I believe the frame comes with Ceramic Bearings.

I am planning on running Specialized BB30 crankset. What bottom bracket do I need?
I can't seem to find one listed in specialized catalogue.

Cheers


----------



## Optimus (Jun 18, 2010)

You'll need the PF30. The ceramic bearings it comes with is the BB!

You do not need to buy another BB, it comes w/ a ceramic one, however after some riding you may want to get a set of stainless bearings.


----------



## roadworthy (Nov 11, 2011)

Congrats on your order vladt. What kind of timing are you hearing from Specialized for the frameset?
As to BB/bearings...what Optimus said.


----------



## RkFast (Dec 11, 2004)

Im hearing you can get any frameset now fairly quick, within a few weeks. Except race black, which has a Jan delivery date.


----------



## roadworthy (Nov 11, 2011)

RkFast said:


> Im hearing you can get any frameset now fairly quick, within a few weeks. Except race black, which has a Jan delivery date.


Is that true RK? I just ordered a Roubaix Pro frameset and my local bike shop who is a Specialized dealer can not commit to delivery timing...from now until March '12 Specialized is saying. I know another member has a Roubaix on order as well with no firm delivery timing commitment.


----------



## vladt (Oct 4, 2010)

Thanks for all the replies boys... Thanks Optimus for clarifying the BB config.
The frame is in (someone has reneged on their original order, otherwise the wait is 3 month) (Carbon/red) and I am in a process of getting all the Di2 "goodness" from various online stores.
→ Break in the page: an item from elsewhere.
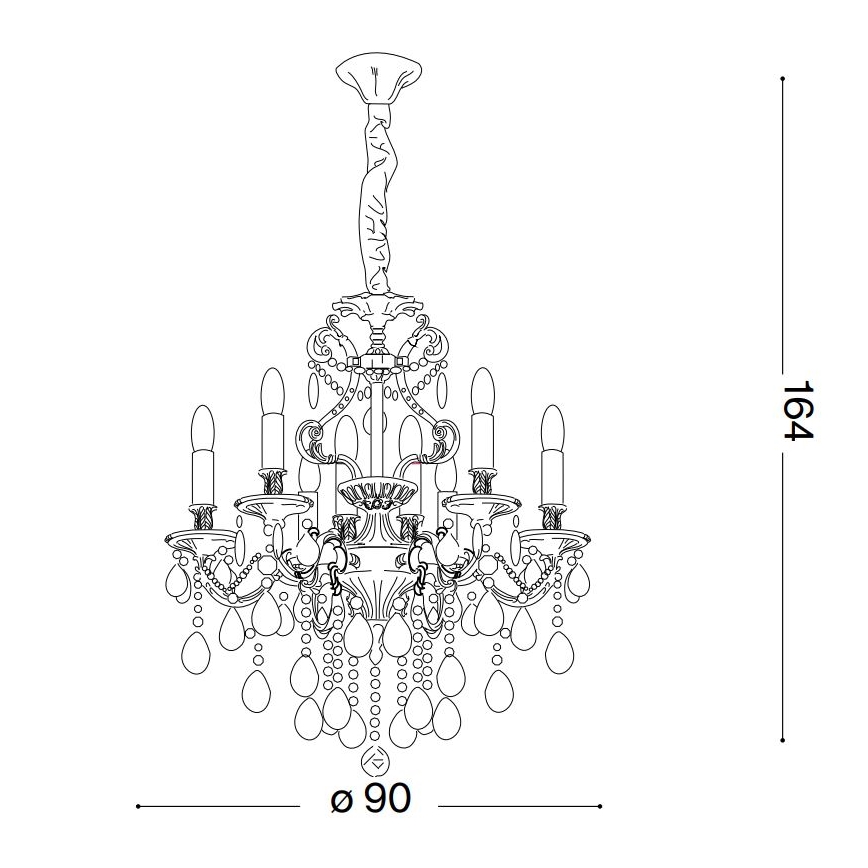 Ideal Lux - Krištolinis sietynas ant grandinės GIOCONDA 12xE14/40W/230V diametras 90 cm sidabras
The LBS simply can't get any at the moment so I am "forced" to save money by buying online. 
Once all the bits are in, I'll take some pics of the build and post it here. 

Another problems I am having is related to availability of Specialized cranksets. Apparently matt black crank arms are due in March next year. 
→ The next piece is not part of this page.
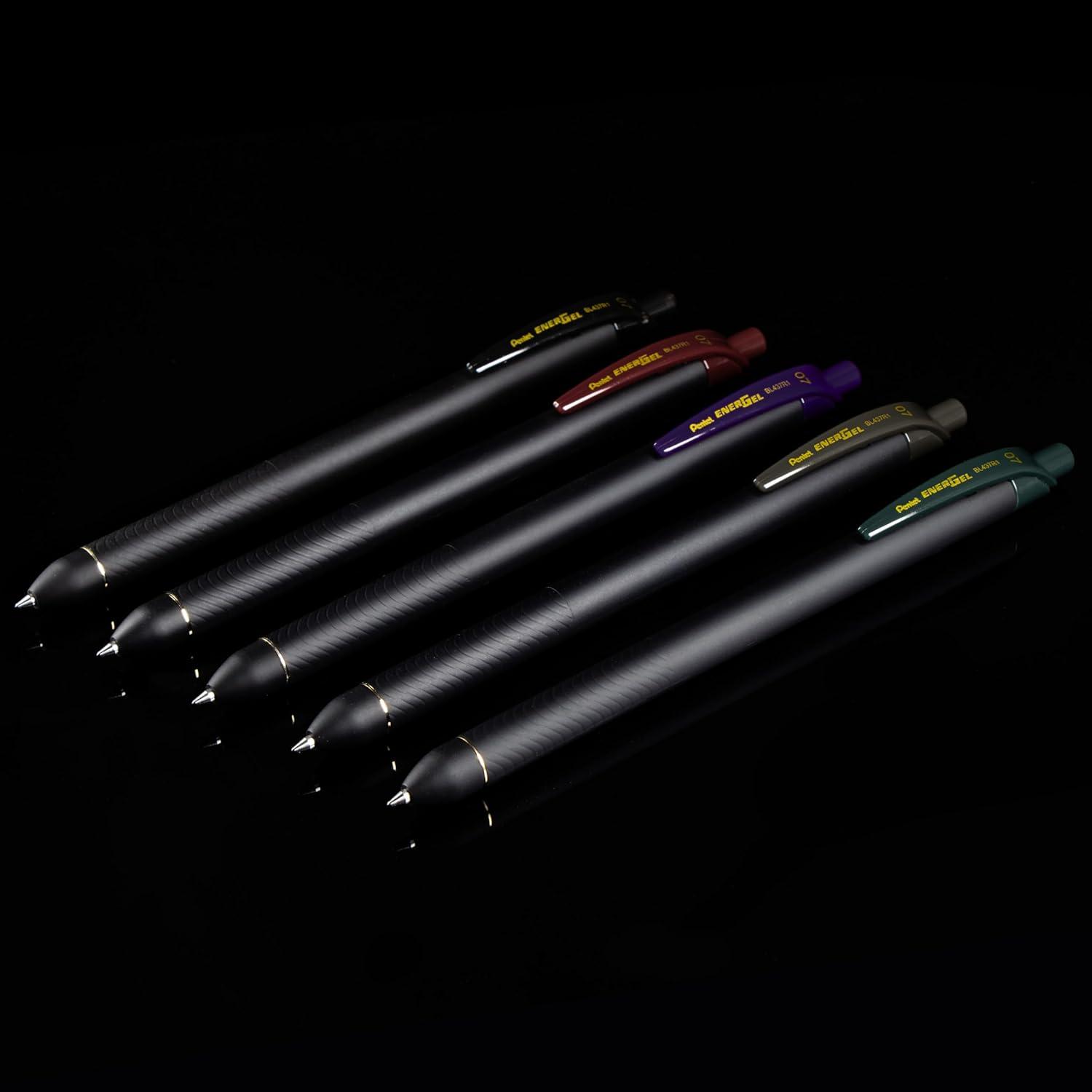 image:imagePentel EnerGel Kuro Retractable Liquid Gel Pen Shades of Black 07mm tip Assorted black ink Pack of 5 pens BL437PF5MAPack of 1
What crankset would you recommend guys?
I welcome any suggestions for the build...

Cheers
vladt


----------



## Optimus (Jun 18, 2010)

RkFast said:


> Im hearing you can get any frameset now fairly quick, within a few weeks. Except race black, which has a Jan delivery date.



I don't know where you're getting this info from, but from what I'm hearing this isn't the case. Seems like they have a very limited amount of certain sizes in stock.


----------



## Optimus (Jun 18, 2010)

If you're going Di2, go the whole route and get DA cranks!


----------



## vladt (Oct 4, 2010)

I thought about it, but I kind of want to use the BB30 that's already there. The DA cranks would require adapters right?
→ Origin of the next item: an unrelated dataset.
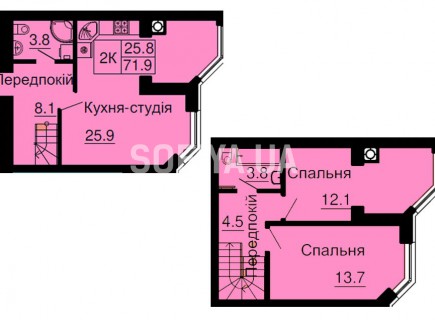 Двухуровневая квартира 71,9 м/кв - ЖК София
What's your take on Di2 Optimus?


----------



## Optimus (Jun 18, 2010)

Di2 rocks!!! I love the Di2 shifters, the way it looks and feels is second to none. However, the derailleurs are somewhat larger than I had hoped.

Yes, if you use DA cranks, you will need the adapters which come w/ the frame.


----------



## PJ352 (Dec 5, 2007)

vladt said:


> I thought about it, but I kind of want to use the BB30 that's already there. The DA cranks would require adapters right?


The DA cranks would require adapters (see below), but you'd still be utilizing the BB30 (6806) bearings.
Wheels Manufacturing - BB 30 Shims


----------